I’ve recently started experimenting with fast.ai. I was shocked to find that in all experiments I conducted, it significantly outperformed my Tensorflow (2.0) models, despite using the same model architectures, optimizers and loss functions.
As in tensorflow you don’t get features such as 1-cycle policy, weight decay or the fancy fast.ai data transformations out of the box - I disabled all of these features to get a fairer comparison, but still fast.ai performs better, no matter what I do.
Here the results from an experiment I conducted today:
Configuration:
- Dataset: CIFAR-10
- Model: Resnet50 (pretrained on ImageNet)
- Optimizer: Adam (learning-rate=0.003)
- Batch-size: 64
- No weight decay
- No data transformations
- No 1-cycle policy
Here my fast.ai code:
data = ImageDataBunch.from_folder(data_path, train="train", valid="test", ds_tfms=None, size=64, num_workers=0).normalize(imagenet_stats)
learn = cnn_learner(data, models.resnet50, metrics=[accuracy], true_wd=False)
learn.fit(3)
And here my Tensorflow model:
base_model = keras.applications.resnet_v2.ResNet50V2(weights="imagenet", include_top=False)

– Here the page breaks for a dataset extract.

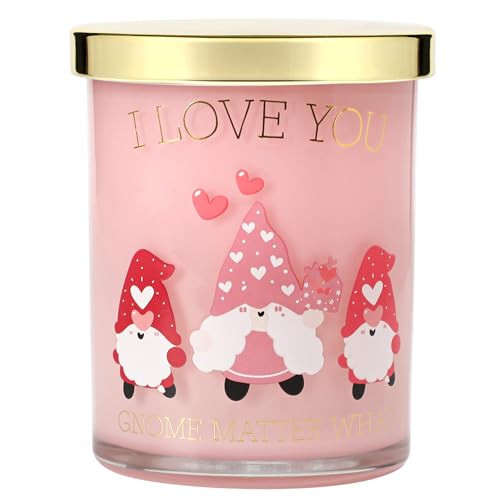 Valentine's Day Candle - Strawberry Scented Candle Birthday Anniversary Romantic Valentines Candles Gift for Him Her Girlfriend Wife Boyfriend (ILOVEYOU) | Amazon (US)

for layer in base_model.layers:
layer.trainable = False
avg = keras.layers.GlobalAveragePooling2D()(base_model.output)
mx = keras.layers.GlobalMaxPooling2D()(base_model.output)

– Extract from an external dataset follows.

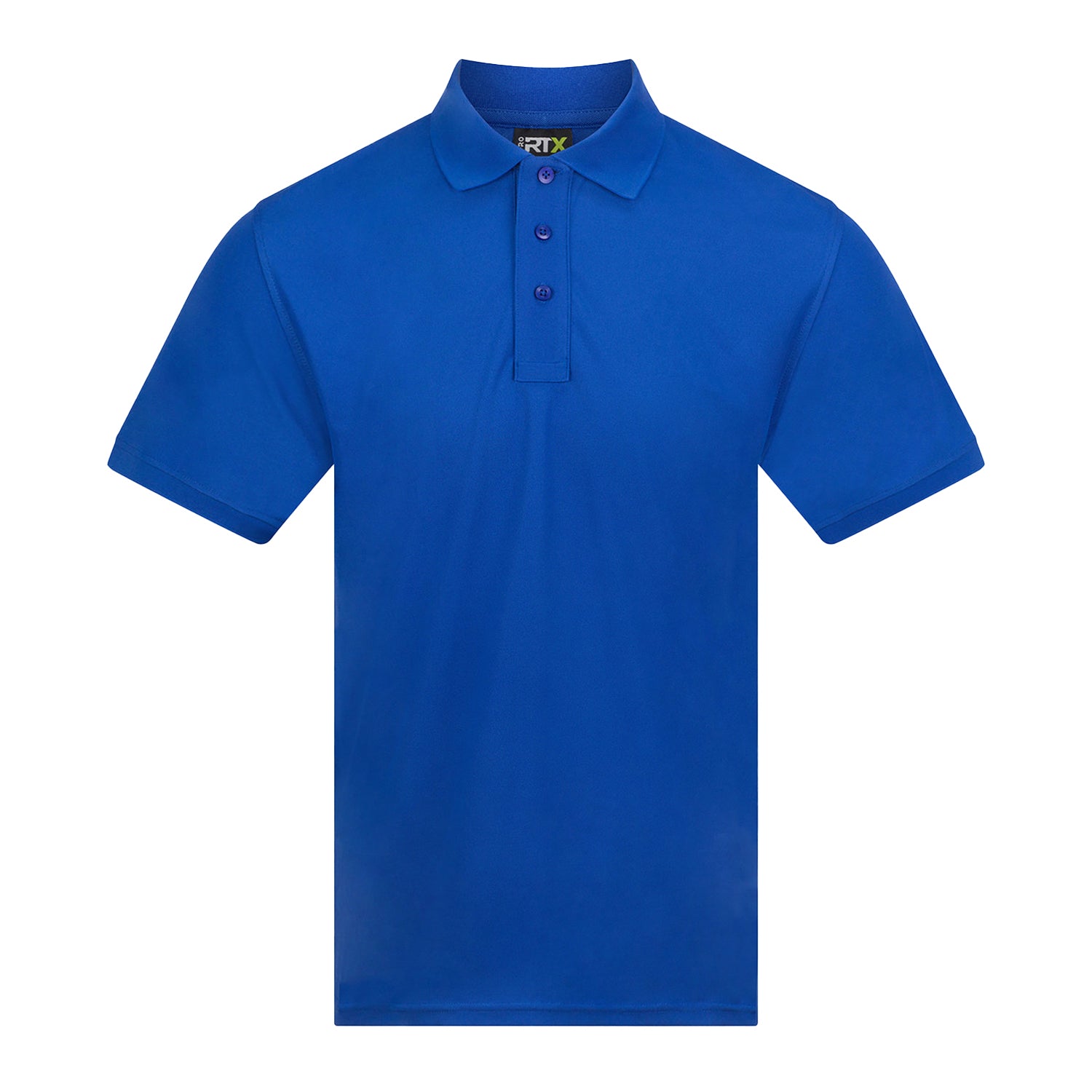 Royal Blue - Front - PRO RTX Mens Pro Moisture Wicking Polo Shirt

out = tf.keras.layers.Concatenate()([avg, mx])
out = keras.layers.BatchNormalization()(out)
out = keras.layers.Dropout(0.25)(out)
out = keras.layers.Dense(512, activation="relu")(out)
out = keras.layers.BatchNormalization()(out)

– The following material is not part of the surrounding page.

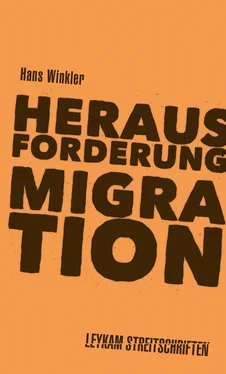 Hans Winkler Herausforderung Migration обложка книги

out = keras.layers.Dropout(0.25)(out)
out = keras.layers.Dense(nr_classes, activation="softmax")(out)
model = keras.models.Model(inputs=base_model.input, outputs=out)
optimizer = tf.keras.optimizers.Adam(lr=0.003)
model.compile(loss="sparse_categorical_crossentropy", optimizer=optimizer, metrics=["accuracy"])
I’ve designed the output layers that are added after the freezed CNN layers to be identical to the ones that fast.ai uses (although I wasn’t sure about the Dropout rate of fast.ai, I ended up using 0.25)
Results (only training the output layers, without unfreeze() !):
- fast.ai: 85% after one epoch, 89% after 3 epochs
- Tensorflow: 81% after one epoch, 80% after 3 epochs
Questions:
-
Why are the results in Tensorflow so much worse? Is it just that the pretrained weights of fast.ai for resnet50 are better, or am I missing some of the magic that fast.ai uses?
-
In Tensorflow, I reshaped the images from 32x32 to 224x224, which is the image size that was used for pretraining the resnet50 model with imagenet. When I used the 32x32 images directly for training, I got really bad results (~10% accuracy). In fast.ai, I don’t perform any resizing, and it just works. Does fast.ai resize the images by default (I don’t think that it does…)? Was the fast.ai resnet model trained with different image resolutions, or is there another trick being used?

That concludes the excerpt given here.